What we have seen is that there is a sector within the right, which is not even able to express itself in a third, that resists accepting the transformations that are underway, and there is another sector that we hope can rise to the democratic debate and the openness that is taking place in the Convention to incorporate these transformations with an extraordinarily high majority.
– Based on the above, do you think that the milestones that have occurred within the CC, such as the two women’s presidencies and various female leaderships, in addition to these advances that you mentioned in terms of gender, will permeate other political spaces?
– Transformations in this sense are here to stay. We always said it. We are here to stay and to the second row we will never return, and that is a commitment that we have made with ourselves, but also with future generations, with the girls of this country. We believe that what is going to make it possible for this to continue to be sustained, for the process of transformation to continue to deepen, is the same condition that makes transformation possible in other aspects of this social, economic, political and cultural order, which is social mobilization and popular. As long as the feminist movement continues to be a strong movement, as long as we continue to understand that the path we have opened is a long-winded path, and we do not allow patriarchal inertia to return, this transformation should continue to show its effects over the years and decades to come.
– The incoming government of President-elect Gabriel Boric, who formally takes office on Friday, has defined itself as a feminist government. What are the expectations of that and how important is it that for the first time a government defines itself as such?

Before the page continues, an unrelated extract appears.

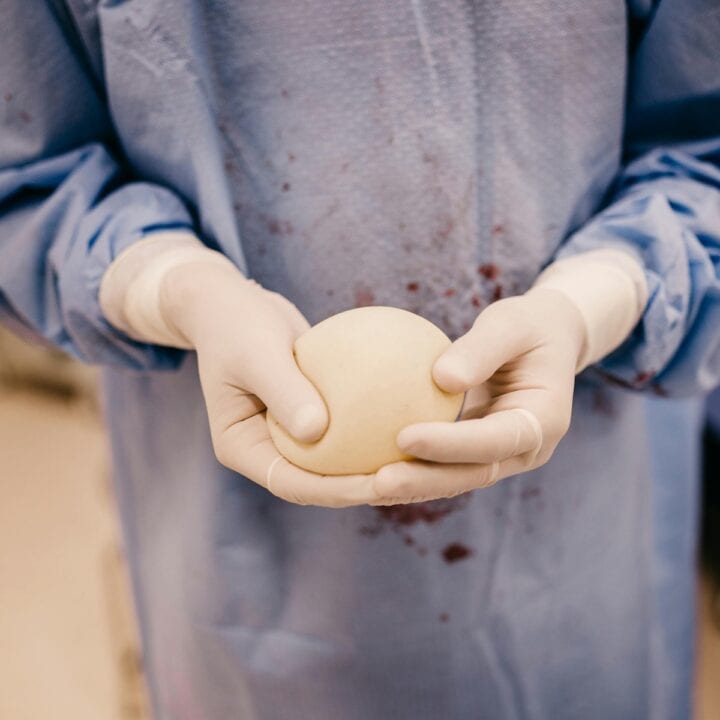 Right Choice for Breast Augmentation Surgery.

– I am part of a sector of the feminist movement that campaigned for Gabriel Boric from autonomy, because we put two issues at the center: on the one hand, the need to block the path of the ultra-right that declares war on women , poor people and sexual and gender dissidence; and on the other hand, to maintain and defend the constitutional process that we have opened. We have our hopes pinned on the feminist movement and on our ability to sustain – as we defined at this year’s multinational meeting of women and dissidents in struggle – the feminist programmatic alert, regarding the government’s work. Never again are we going to delegate to others the continuity of the transformations that we have set out to carry out, and we know that its depth also rests on our presence, on a presence that sustains the programmatic alert permanently, so that the promises that are contained in the government program, and which coincide with the program of the feminist program, materialize in fact.